When Google configures the control plane for a private cluster, they automatically configure VPC peering between your Kubernetes cluster network and a separate Google-managed project.

To restrict what Google is able to access in your cluster, the firewall rules configured restrict access to your Kubernetes pods. This means that the webhook won't work, and you will see an error like Internal error occurred: failed calling webhook ...:

So, to use the webhook component with a GKE private cluster, you need to configure an additional firewall rule to allow the GKE control plane to access your webhook pod.

kube-green uses a webhook (exposed on port 9443) to check that the SleepInfo CRD is valid. In order to make it work, you must open port 9443 (or change the exposed port by configuration); otherwise, it will not be possible to add the SleepInfo CRD.

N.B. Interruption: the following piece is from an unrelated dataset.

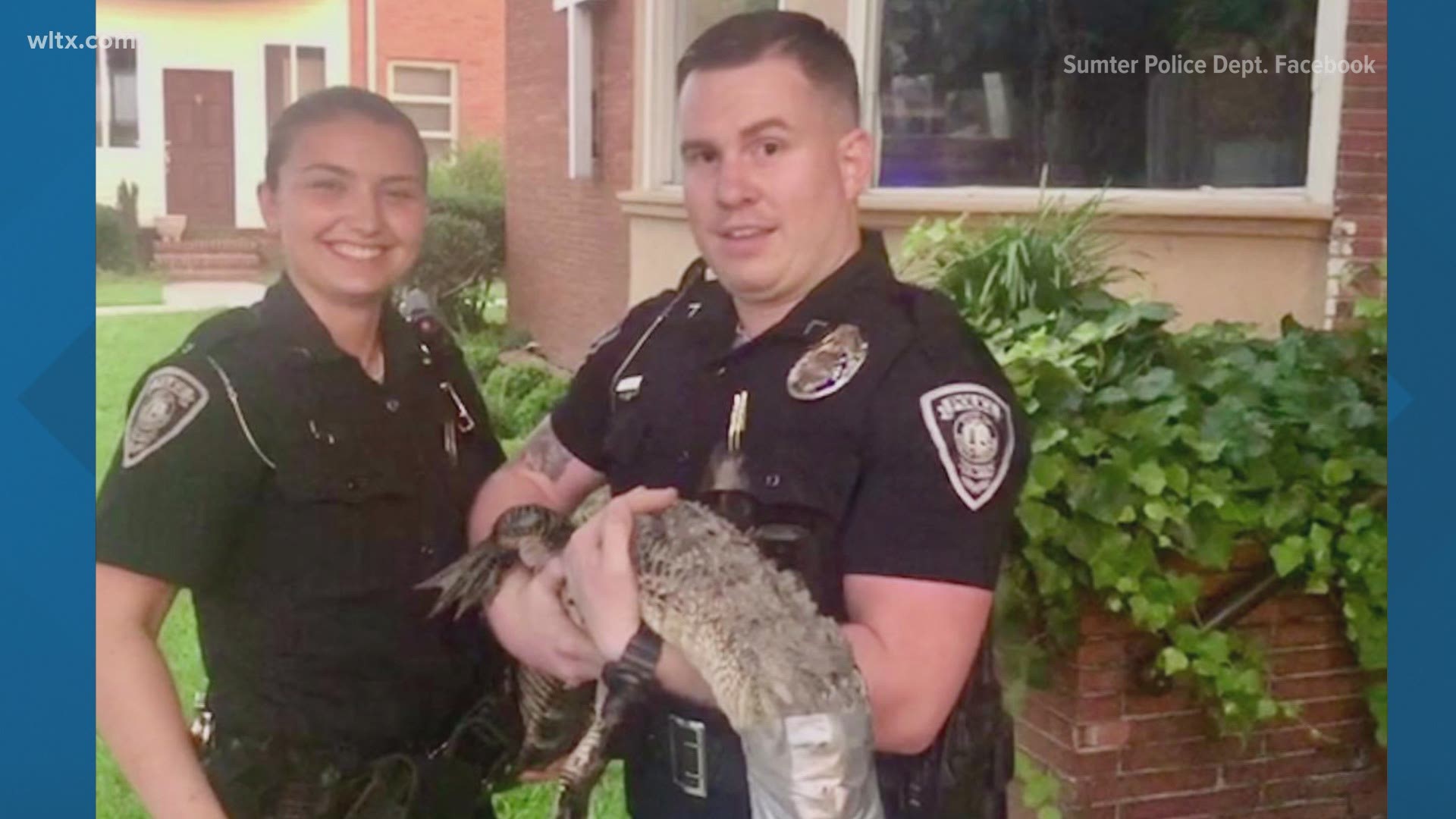 Two officers managed to wrestle the fellow safely to a better location after it was found lurking on South Main Street in Sumter, SC.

Here you can read more information about how to add firewall rules to GKE.

AWS EKS

When using a custom CNI on EKS (such as cilium), the webhook cannot be reached by kube-green. This happens because the control plane cannot be configured to run on a custom CNI, so the CNIs differ between the control plane and worker nodes.

To address this, set hostNetwork: true in the deployment of the webhook to run it in the host network.

To set this, uncomment the # - host_network_patch.yaml line (in this file) to apply the patch with the hostNetwork: true value.